Hell, why not mandate the population to take nutrition courses and “force” everyone to exercise every day and ban “all the bad food”.
This is probably more useful.
Yet instead, total surveillance is the answer?
I think we can all agree everyone’s well-being is not in the equation for the necessity of this, but what is the end-game?
If we take a look at http://www.globalistagenda.org/goal.htm let’s see what it says:
- New World Order -Klaus calls it a “new normal” - Marx says destroy society.
- World Governance -Klaus says that in the 4th Industrial Revolution and the Great Reset. Marx says Communism.
- Merger of Capitalism and Communism -Klaus calls is a public-private partnership - this is probably more palatable to most people - If you read my interpretation of the Communist Manifesto, you’ll know that this is one and the same.
- Population Reduction - Most globalist believe there are too many people.Klausdoesn’t mention it in The Great Reset, but Yuval Noah Harari believes it.

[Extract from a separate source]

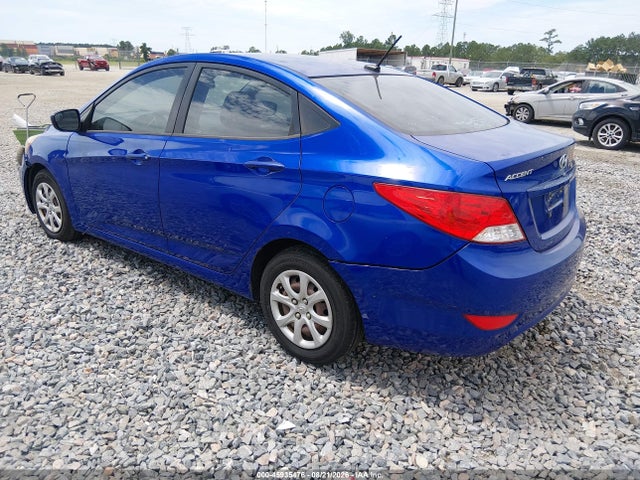 2014 Hyundai Accent Gls მანქანა იყიდება აუქციონზე, vin: KMHCT4AE9EU669787, აუქციონის ნომერი: 45935476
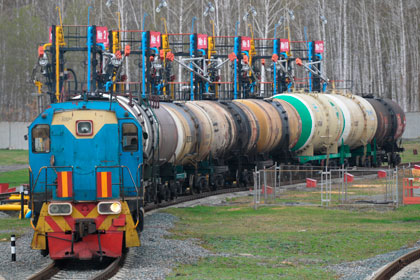 РЖД отказались повышать тариф на перевозку топлива после критики Путина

- Return to Feudalism - Marx said it, andKlaus*** touched on it in The 4th Revolution.***
- Scientific Dictatorship - Society run by scientific elites, ie, The Technocratic Era
Returning to the last few pages, Klaus says global governance is a way to manage this
“… communities can prepare and react effectively, appropriate and coordinated policy mechanisms to efficiently implement the decisions once they are made and so on.”(34)
It doesn’t leap from the page, but remember, in the 4th Industrial Revolution he advocates for global governance, and to him policy creation and implementation are decoupled.
Finally, in the last couple of pages, Klaus tells us that the Asian countries were:
“Better prepared to act quickly because they were prepared logistically and organizationally (due to SARS) and thus were able to lessen the impact of the pandemic. By contrast, many Western countries were unprepared and were ravaged by the pandemic - it is no coincidence that they are ones in which the false notion of a black-swan event circulated the most.”(35)
Are we then to assume that hospitals and emergency rooms in Asian countries weren’t overrun then, or they were and that doesn’t fit the narrative?
Anyway, the thing I find strange is how does Klaus know Western countries were ravaged only six months into a pandemic that lasted two years?
Maybe it’s just hyperbole.
The entire point of this section can be summed up as “complexity creates limits to our knowledge and understanding of things.”(35)
So in order to gain that knowledge and understanding, we need a global surveillance network complete with biometrics so those in power have all the data necessary to make a decision on the “well-being” of its citizens?
Seems like a very large, complicated solution with a lot of non-linearity.
I’m not sure the reason for this solution is valid.
One would think, governments have processes in place to meet the kinds of issues things like Covid-19 create.
As it appears they do, at least Canada, yet none of them followed their own policies and procedures
The question it leaves us with is why?